# Sam Maloof Speaks at the 2006 Western Design Conference; A Summary by Mark DeCou



## decoustudio (May 4, 2006)

*My Summary of the 2006 Western Design Conference Show in Cody, WY*

*For the Lumberjock.com website Forum*

*By M.A. DeCou, updated 9-15-2007*
copyright M.A. DeCou, all rights reserved.
==================================================










This is a picture of Sam Maloof after his lecture. He said that he is 91 years old and still works in the shop 8-10 hours a day, 6 days a week. He was a small guy, but when you're "bigger than life," it doesn't matter.

He said he has a 5-6 year backlog of work, and customers have to wait in line. There is no way to buy your way up the list, whether with money, celebrity, or past order history. This was an interesting part of his lecture, as you could sense that he has a very hard time telling folks either "no", "maybe", or "you have to wait." He said that when his first wife was alive, she would handle that discussion with customers. Since her death, he has hired a manager (Roz I think he said her name was) that runs the phone, takes the orders, and tells people "no" when they want to jump their name up the list.

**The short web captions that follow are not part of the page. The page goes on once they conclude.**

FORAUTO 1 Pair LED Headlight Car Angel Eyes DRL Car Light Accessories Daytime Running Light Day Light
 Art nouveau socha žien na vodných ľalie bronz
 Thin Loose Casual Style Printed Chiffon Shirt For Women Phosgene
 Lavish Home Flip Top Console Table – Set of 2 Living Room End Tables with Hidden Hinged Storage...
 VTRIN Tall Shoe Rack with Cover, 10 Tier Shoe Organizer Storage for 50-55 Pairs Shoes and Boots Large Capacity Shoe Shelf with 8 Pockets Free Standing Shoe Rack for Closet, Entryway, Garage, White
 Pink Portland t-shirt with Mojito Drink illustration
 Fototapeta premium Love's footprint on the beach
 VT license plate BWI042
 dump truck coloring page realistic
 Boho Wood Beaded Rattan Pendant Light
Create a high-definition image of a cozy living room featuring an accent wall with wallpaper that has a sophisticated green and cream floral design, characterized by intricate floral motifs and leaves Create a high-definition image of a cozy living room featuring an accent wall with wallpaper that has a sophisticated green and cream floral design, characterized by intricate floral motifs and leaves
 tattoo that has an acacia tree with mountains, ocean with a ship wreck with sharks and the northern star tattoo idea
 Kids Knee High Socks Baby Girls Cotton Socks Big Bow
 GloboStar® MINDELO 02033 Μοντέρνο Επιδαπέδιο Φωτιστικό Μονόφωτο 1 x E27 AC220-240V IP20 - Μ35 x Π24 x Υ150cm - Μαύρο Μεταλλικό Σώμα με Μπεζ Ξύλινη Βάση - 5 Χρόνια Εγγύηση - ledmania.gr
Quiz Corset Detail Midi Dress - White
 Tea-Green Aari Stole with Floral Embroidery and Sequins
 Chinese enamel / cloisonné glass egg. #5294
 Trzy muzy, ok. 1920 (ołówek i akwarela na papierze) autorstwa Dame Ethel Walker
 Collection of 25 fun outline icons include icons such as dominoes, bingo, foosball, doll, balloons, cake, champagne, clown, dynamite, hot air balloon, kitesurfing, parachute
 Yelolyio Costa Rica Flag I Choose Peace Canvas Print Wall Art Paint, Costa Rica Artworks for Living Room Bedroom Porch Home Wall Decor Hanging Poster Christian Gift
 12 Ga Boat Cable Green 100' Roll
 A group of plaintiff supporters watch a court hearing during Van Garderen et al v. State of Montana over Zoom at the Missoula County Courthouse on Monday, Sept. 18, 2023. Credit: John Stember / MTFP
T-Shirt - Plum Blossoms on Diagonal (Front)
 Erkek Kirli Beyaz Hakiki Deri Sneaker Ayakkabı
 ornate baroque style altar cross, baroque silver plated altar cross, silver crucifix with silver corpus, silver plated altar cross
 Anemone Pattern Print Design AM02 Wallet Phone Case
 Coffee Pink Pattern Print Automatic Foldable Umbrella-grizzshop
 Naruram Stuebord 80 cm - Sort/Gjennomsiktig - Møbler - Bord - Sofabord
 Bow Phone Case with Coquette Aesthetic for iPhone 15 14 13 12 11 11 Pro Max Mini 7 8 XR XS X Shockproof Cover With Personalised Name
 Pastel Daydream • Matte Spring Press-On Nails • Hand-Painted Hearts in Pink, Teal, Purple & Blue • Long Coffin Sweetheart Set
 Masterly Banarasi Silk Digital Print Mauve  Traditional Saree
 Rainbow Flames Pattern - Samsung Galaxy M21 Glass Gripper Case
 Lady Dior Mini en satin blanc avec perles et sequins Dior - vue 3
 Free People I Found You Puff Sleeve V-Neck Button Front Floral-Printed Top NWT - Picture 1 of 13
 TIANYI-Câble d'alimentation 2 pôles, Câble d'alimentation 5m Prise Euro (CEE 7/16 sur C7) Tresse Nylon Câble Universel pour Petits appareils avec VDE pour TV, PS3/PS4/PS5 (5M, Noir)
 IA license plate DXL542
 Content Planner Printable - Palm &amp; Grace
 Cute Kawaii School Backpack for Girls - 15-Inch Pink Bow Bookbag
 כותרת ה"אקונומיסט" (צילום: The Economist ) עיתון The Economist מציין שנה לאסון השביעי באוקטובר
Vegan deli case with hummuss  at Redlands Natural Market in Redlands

He also said that "Roz" controls the visitation by woodworkers, and tells them to come back at the specific "studio open" hours. He said that at times he looks at the window of the shop while he is working and sees someone peeking in trying to get a look in the shop outside of the "studio open" hours, and so he waves them in. His heart was shown in these stories that he likes to help woodworkers, loves the customer's he works for, and that he genuinely wants to please everyone, something which is impossible to do for one man with such a following.

He showed a recent 30 minute documentary video of his work, life, and employees. In the documentary, he told one story of some special Walnut wood he bought from his supplier. A short while after the purchase, the wood seller called him and said that he needed the wood back, that "Brad Pitt" wanted it for his house. Sam asked, "Who the hell is Brad Pitt, and 'no', the wood is not for sale." This story raised a huge laughter and applause from the listeners.

Sam said he has about 500,000 board feet of wood in 6 different buildings. He said he has to live long enough to use it all. I hope he does.

I understood that he has Willed the business, shop, and house, to his foundation, which will be owned by 6 people equally, His wife, son, Roz, and the three employees in the shop. He said that his son does not work with him now, as he would only work with Sam if Sam would retire and step out of the business. To which, Sam said, "I'm not stepping aside for anyone." This brought another big laugh and applause.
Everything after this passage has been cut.